To prevent that from happening, Rust moves the ownership of data from x
to y
when we do let y = x
, thus making x
an invalid reference. If we try to use x
later, the Rust compiler will throw an error!
References and Borrows
Other ways to move ownership are passing a variable to a function and returning a variable from a function. Since passing and then returning ownership with every function call can be tedious, Rust lets us pass references to variables into functions instead. In this case, the variable is borrowed by the function.

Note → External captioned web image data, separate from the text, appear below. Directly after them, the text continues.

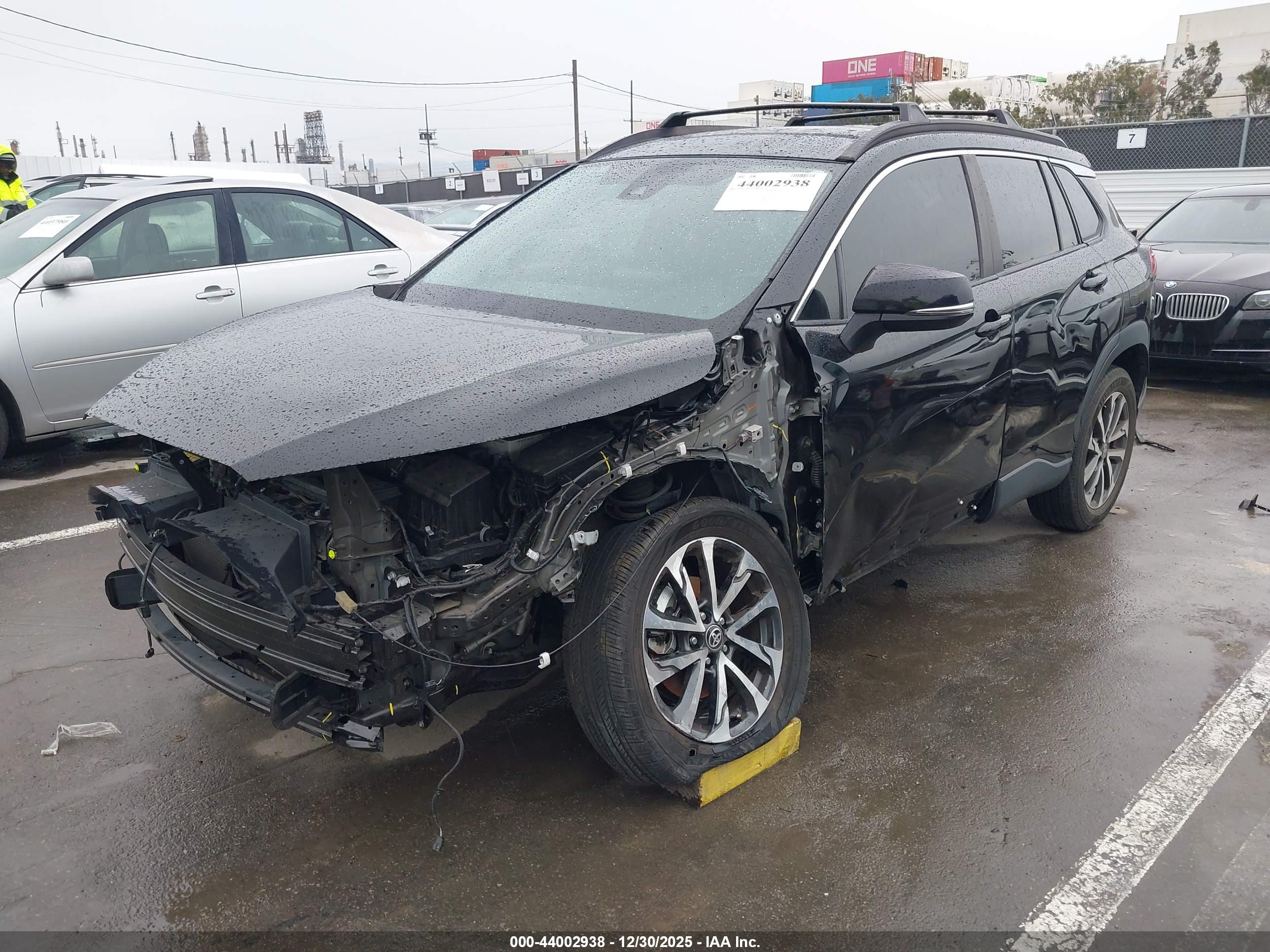 TOYOTA COROLLA image 2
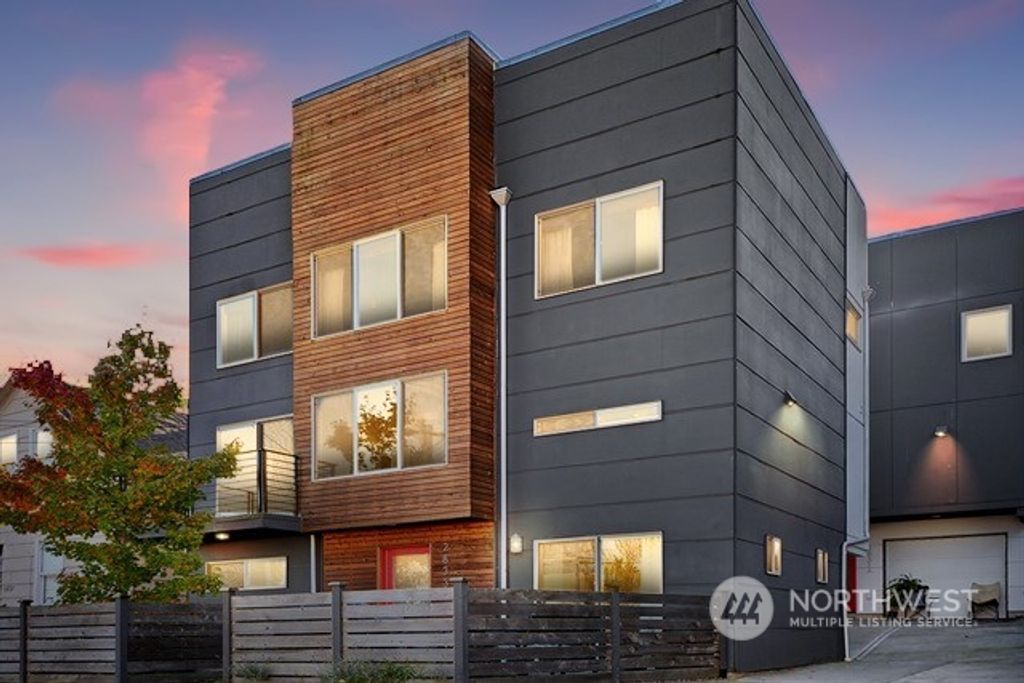 Photo of 2833 SW Yancy Street, Seattle, WA 98126 (MLS # 2188466)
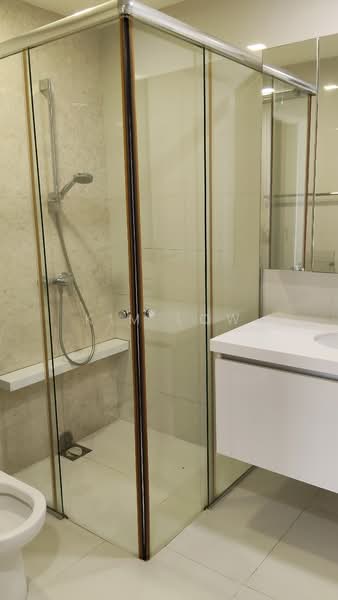 Sky Habitat, 9 Bishan Street 15, 2 Bedrooms, 1,206 sqft, Condominium For Rent, by Kim Low, 500100713 - Bathroom - PropertyGuru.com.sg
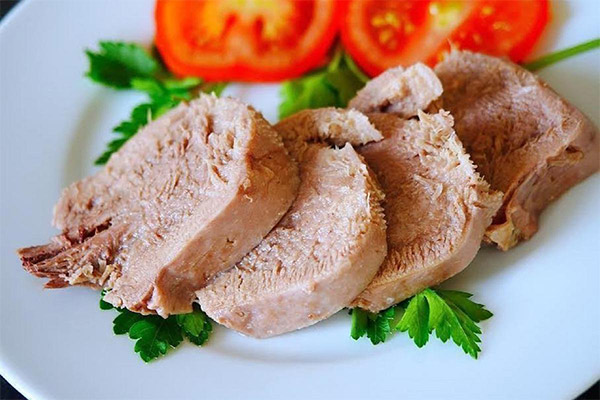 How and how much to cook pork tongue until tender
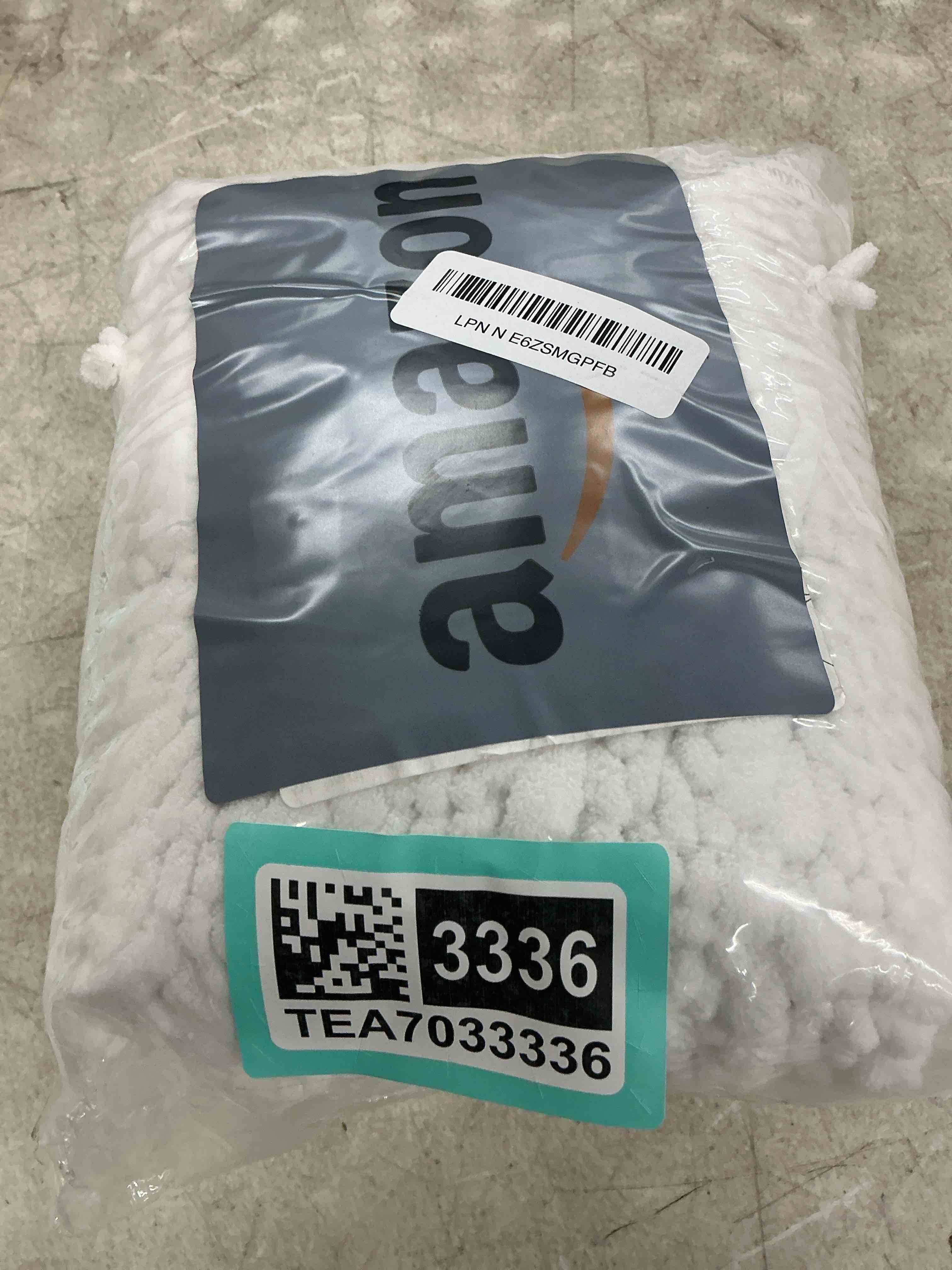 Condition photo showing Good Condition for yimobra bathroom rugs non slip washable 32x20 inch - ultra soft absorbent chenille bath mat, quick dry shaggy floor carpet for tub shower, white home decor accessories 32" x 20" white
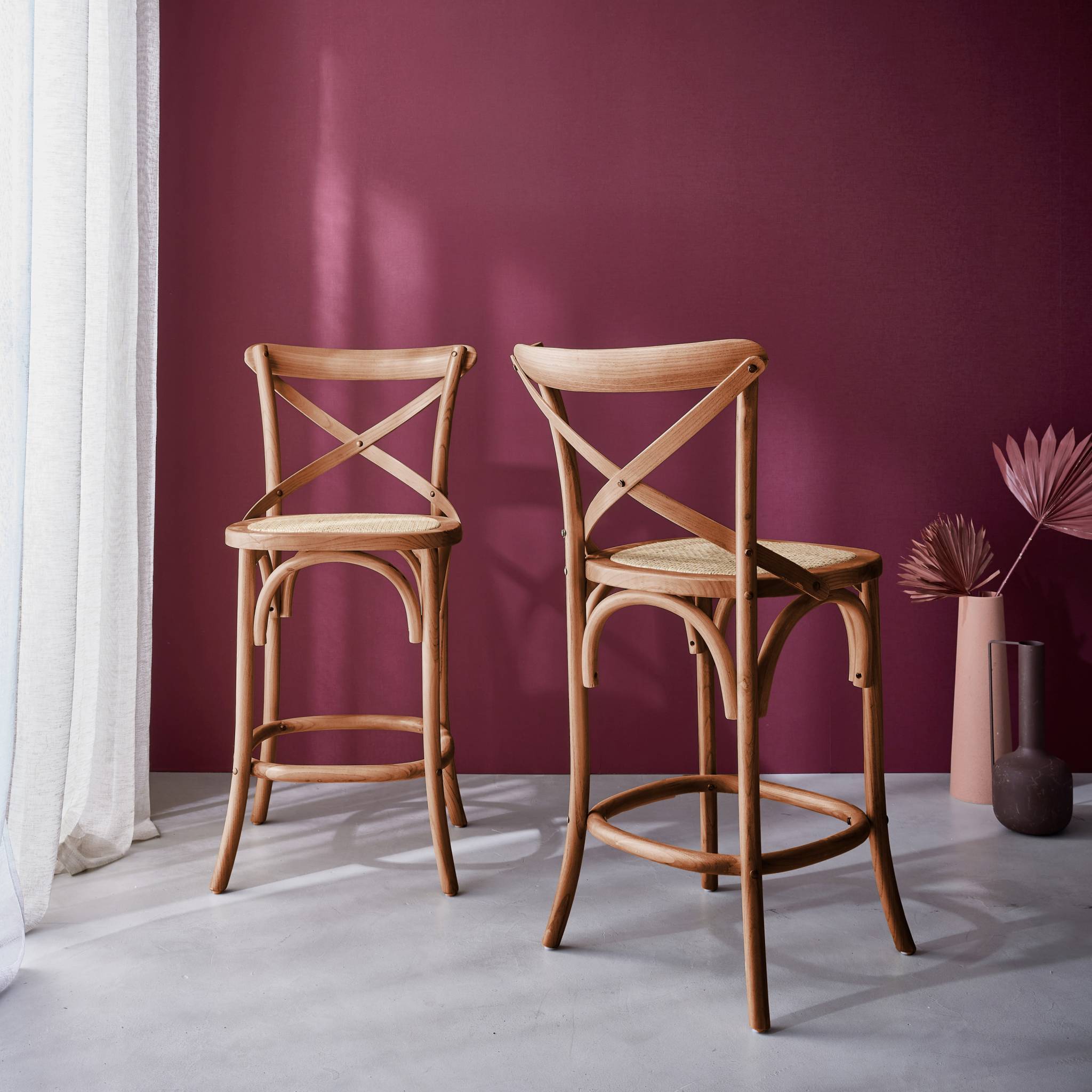 Lot de 2 tabourets de bar bistrot vintage en bois d'hévéa effet noyer avec repose-pieds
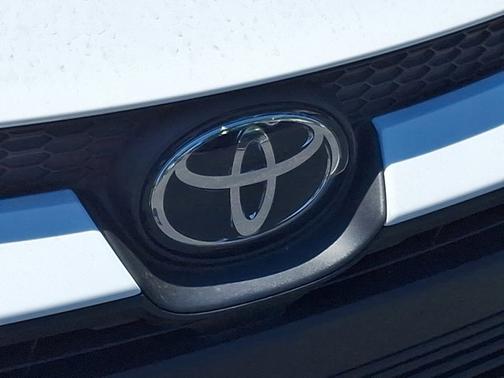Ice Cap 2026 Toyota Corolla Hybrid LE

References allow us to refer to variables without taking ownership of them. They are immutable by default and we're not allowed to modify something we have a reference to. References can also be mutable but Rust doesn't let us have more than one mutable reference in a scope to prevent race conditions!
The code below will fail because r1
and r2
are both mutable references to s
:
let mut s = String::from("hello");
let r1 = &mut s;
let r2 = &mut s;
println!("{} {}", r1, r2);
We also cannot have a mutable reference while we have an immutable one, because users of an immutable reference don't expect values to suddenly change by a mutable reference!
And because of that, the code below will also fail:
let mut s = String::from("hello");
let r1 = &s;
let r2 = &mut s;
println!("{} {}", r1, r2);
A reference's scope starts from where it is introduced, and continues through the last time that reference is used.
So this is valid code:
let mut s = String::from("hello");
let r1 = &mut s;
println!("{}", r1);
let r2 = &mut s;
println!("{}", r2);
We can have multiple immutable references to a variable because they don't change the value they refer to:
let mut s = String::from("hello");
let r1 = &s;
let r2 = &s;
println!("{} {}", r1, r2);
Garbage collection in Python
When I was learning about Python C extensions some moons ago, I came across Python's C-API and how it also works with references (counts!). The Python garbage collector drops values when the references pointing to them become 0.
New references
When we create a new reference to a PyObject
, we must call Py_DECREF
on it so that it can be garbage collected. If we fail to call Py_DECREF
, we get a memory leak!
PyObject *pA = PyLong_FromLong(a); // New ref
PyObject *pB = PyLong_FromLong(b); // New ref
PyObject *r = PyNumber_Subtract(pA, pB); // New ref
Py_DECREF(pA); // You must decref
Py_DECREF(pB); // You must decref
return r; // Caller must decref
What if we could remove the need to call Py_DECREF
on pA
and pB
by automatically calling an associated free
function when both of those references go out of scope?
Moved references
When we move a reference to a PyObject
into something (in this case, a tuple), it is kinda owned by that tuple because now it's the tuple's responsibility to call Py_DECREF
on it. If we call Py_DECREF
after moving it to the tuple, that can lead to unintended consequences where the garbage collector might drop the value before the tuple has had a chance to make use of the value.
PyObject *r = PyTuple_New(2); // New ref
PyObject *v1 = PyLong_FromLong(1L); // New ref
PyTuple_SetItem(r, 0, v1);
// We shouldn't Py_DECREF(v1) because it belongs to r now
PyObject *v2 = PyLong_FromLong(2L); // New ref
PyTuple_SetItem(r, 1, v2);
return r; // Callers must decref
What if a compiler could enforce ownership rules and prevent us from calling Py_DECREF
on v1
after it has moved into r
?
Borrowed references
When we borrow a reference to something, we need to explicitly call Py_INCREF
to register our interest, so that the garbage collector doesn't drop the value before we've had a chance to make use of it.
PyObject *pFirst;
pFirst = PyList_GetItem(pList, 0);
Py_INCREF(pFirst); // Register our interest
modify(pList);
PyObject_Print(pFirst, stdout, 0);
Py_DECREF(pFirst); // Let go
What if we didn't have to register our interest for using the reference pFirst
by calling Py_INCREF
? The compiler could instead throw an error if we borrow pFirst
but then try to change pList
in modify
.
Could ownership rules be built into Python's C-API and enforced by a compiler, thus removing reference counting and replacing the need for a garbage collector?